HOW TO COMPLETE THIS TASK:
No pictures go into the copy. Write out exactly the lines below from the one containing "Bureau design laqu� noir MARGOT" through the one containing "Tesó bárkit tud".

DATA SUPPLIED:
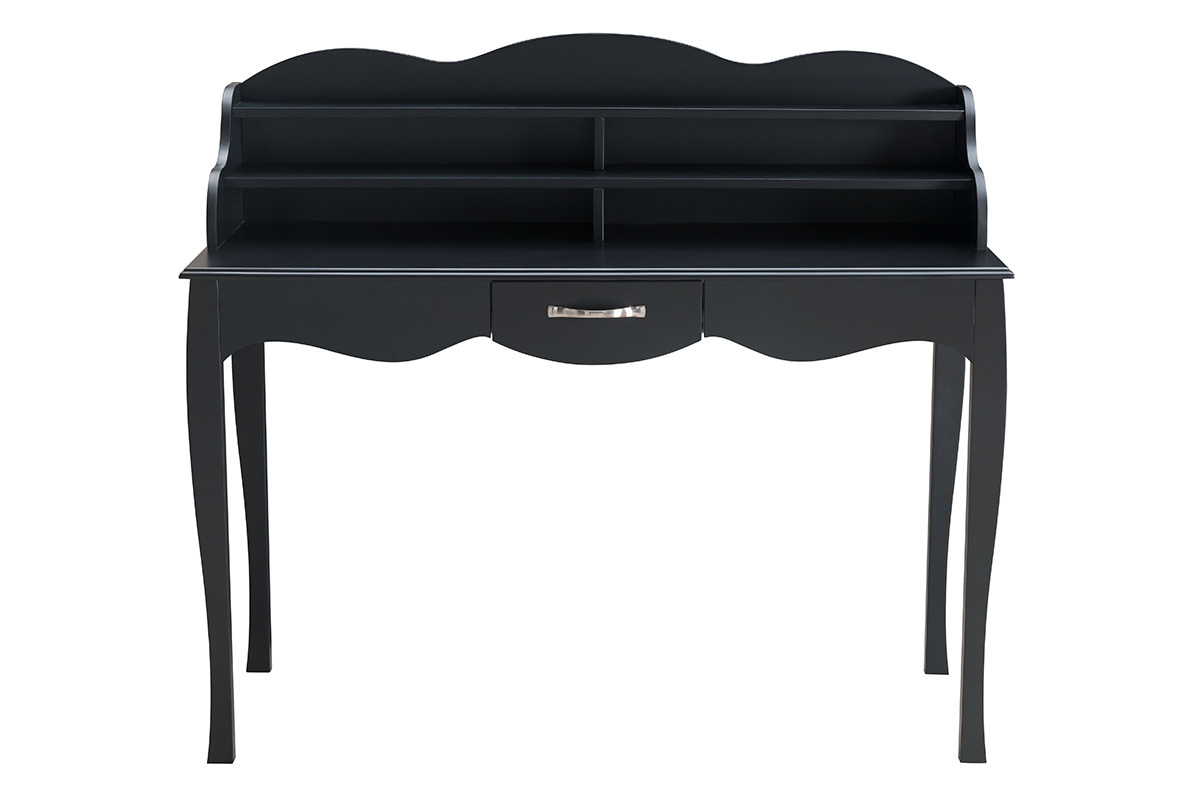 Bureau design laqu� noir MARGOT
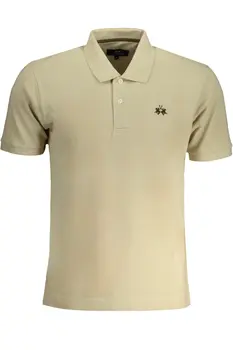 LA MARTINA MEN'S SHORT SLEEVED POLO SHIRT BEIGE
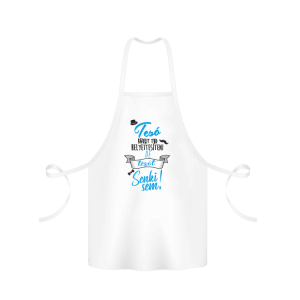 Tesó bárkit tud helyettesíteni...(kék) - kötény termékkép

--

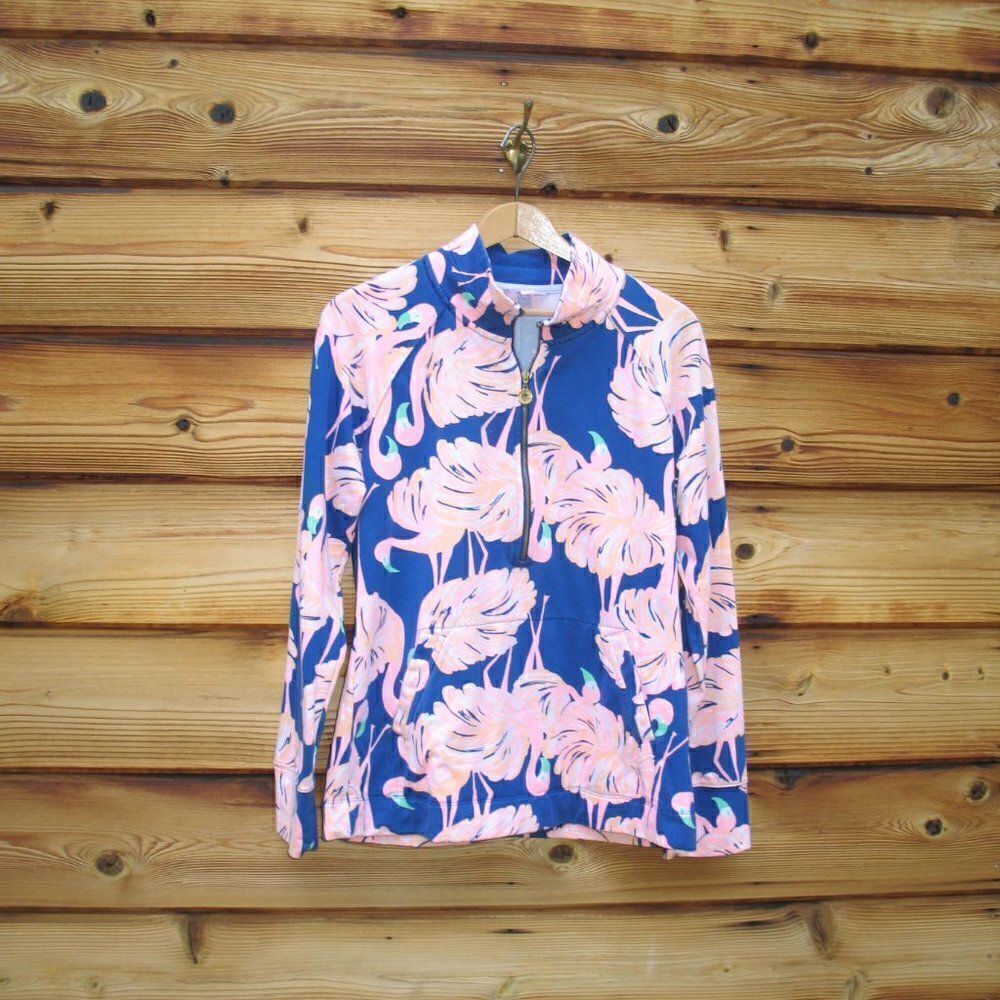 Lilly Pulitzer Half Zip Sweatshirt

COMPLETED EXERCISE:
 Bureau design laqu� noir MARGOT
 LA MARTINA MEN'S SHORT SLEEVED POLO SHIRT BEIGE
 Tesó bárkit tud helyettesíteni...(kék) - kötény termékkép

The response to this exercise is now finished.